• Raw data:

>>>

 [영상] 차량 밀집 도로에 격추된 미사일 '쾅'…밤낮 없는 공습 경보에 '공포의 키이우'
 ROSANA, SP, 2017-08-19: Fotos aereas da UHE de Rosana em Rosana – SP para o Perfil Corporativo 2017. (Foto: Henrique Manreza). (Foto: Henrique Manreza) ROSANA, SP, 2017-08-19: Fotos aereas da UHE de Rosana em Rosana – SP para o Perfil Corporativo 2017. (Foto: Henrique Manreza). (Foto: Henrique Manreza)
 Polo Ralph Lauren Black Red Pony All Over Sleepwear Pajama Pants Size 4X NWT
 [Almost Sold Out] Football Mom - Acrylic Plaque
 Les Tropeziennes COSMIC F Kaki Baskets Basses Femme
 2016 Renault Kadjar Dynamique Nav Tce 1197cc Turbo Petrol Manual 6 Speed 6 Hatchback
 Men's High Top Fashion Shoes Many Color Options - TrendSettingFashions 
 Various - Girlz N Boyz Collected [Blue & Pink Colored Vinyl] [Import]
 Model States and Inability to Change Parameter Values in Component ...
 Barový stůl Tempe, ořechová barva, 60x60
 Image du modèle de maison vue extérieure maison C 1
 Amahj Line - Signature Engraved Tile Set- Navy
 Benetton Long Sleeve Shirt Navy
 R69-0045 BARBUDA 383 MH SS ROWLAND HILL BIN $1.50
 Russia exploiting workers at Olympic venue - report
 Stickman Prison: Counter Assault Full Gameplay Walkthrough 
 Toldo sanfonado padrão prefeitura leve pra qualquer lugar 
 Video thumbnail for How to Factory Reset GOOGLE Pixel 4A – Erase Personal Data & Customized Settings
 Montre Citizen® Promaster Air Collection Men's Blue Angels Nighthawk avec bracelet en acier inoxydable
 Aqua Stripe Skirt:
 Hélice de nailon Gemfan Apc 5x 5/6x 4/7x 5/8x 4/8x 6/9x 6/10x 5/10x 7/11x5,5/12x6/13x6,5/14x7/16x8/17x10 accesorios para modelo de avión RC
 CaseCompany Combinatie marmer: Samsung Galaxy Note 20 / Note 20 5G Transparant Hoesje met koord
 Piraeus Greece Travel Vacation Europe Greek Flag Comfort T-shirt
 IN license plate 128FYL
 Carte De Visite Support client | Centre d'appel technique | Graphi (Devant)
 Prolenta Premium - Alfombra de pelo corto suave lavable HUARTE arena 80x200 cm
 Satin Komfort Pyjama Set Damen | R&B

<<<

• Work task: The records above are to be duplicated exactly, every one of them.

• Your solution:
 [영상] 차량 밀집 도로에 격추된 미사일 '쾅'…밤낮 없는 공습 경보에 '공포의 키이우'
 ROSANA, SP, 2017-08-19: Fotos aereas da UHE de Rosana em Rosana – SP para o Perfil Corporativo 2017. (Foto: Henrique Manreza). (Foto: Henrique Manreza) ROSANA, SP, 2017-08-19: Fotos aereas da UHE de Rosana em Rosana – SP para o Perfil Corporativo 2017. (Foto: Henrique Manreza). (Foto: Henrique Manreza)
 Polo Ralph Lauren Black Red Pony All Over Sleepwear Pajama Pants Size 4X NWT
 [Almost Sold Out] Football Mom - Acrylic Plaque
 Les Tropeziennes COSMIC F Kaki Baskets Basses Femme
 2016 Renault Kadjar Dynamique Nav Tce 1197cc Turbo Petrol Manual 6 Speed 6 Hatchback
 Men's High Top Fashion Shoes Many Color Options - TrendSettingFashions 
 Various - Girlz N Boyz Collected [Blue & Pink Colored Vinyl] [Import]
 Model States and Inability to Change Parameter Values in Component ...
 Barový stůl Tempe, ořechová barva, 60x60
 Image du modèle de maison vue extérieure maison C 1
 Amahj Line - Signature Engraved Tile Set- Navy
 Benetton Long Sleeve Shirt Navy
 R69-0045 BARBUDA 383 MH SS ROWLAND HILL BIN $1.50
 Russia exploiting workers at Olympic venue - report
 Stickman Prison: Counter Assault Full Gameplay Walkthrough 
 Toldo sanfonado padrão prefeitura leve pra qualquer lugar 
 Video thumbnail for How to Factory Reset GOOGLE Pixel 4A – Erase Personal Data & Customized Settings
 Montre Citizen® Promaster Air Collection Men's Blue Angels Nighthawk avec bracelet en acier inoxydable
 Aqua Stripe Skirt:
 Hélice de nailon Gemfan Apc 5x 5/6x 4/7x 5/8x 4/8x 6/9x 6/10x 5/10x 7/11x5,5/12x6/13x6,5/14x7/16x8/17x10 accesorios para modelo de avión RC
 CaseCompany Combinatie marmer: Samsung Galaxy Note 20 / Note 20 5G Transparant Hoesje met koord
 Piraeus Greece Travel Vacation Europe Greek Flag Comfort T-shirt
 IN license plate 128FYL
 Carte De Visite Support client | Centre d'appel technique | Graphi (Devant)
 Prolenta Premium - Alfombra de pelo corto suave lavable HUARTE arena 80x200 cm
 Satin Komfort Pyjama Set Damen | R&B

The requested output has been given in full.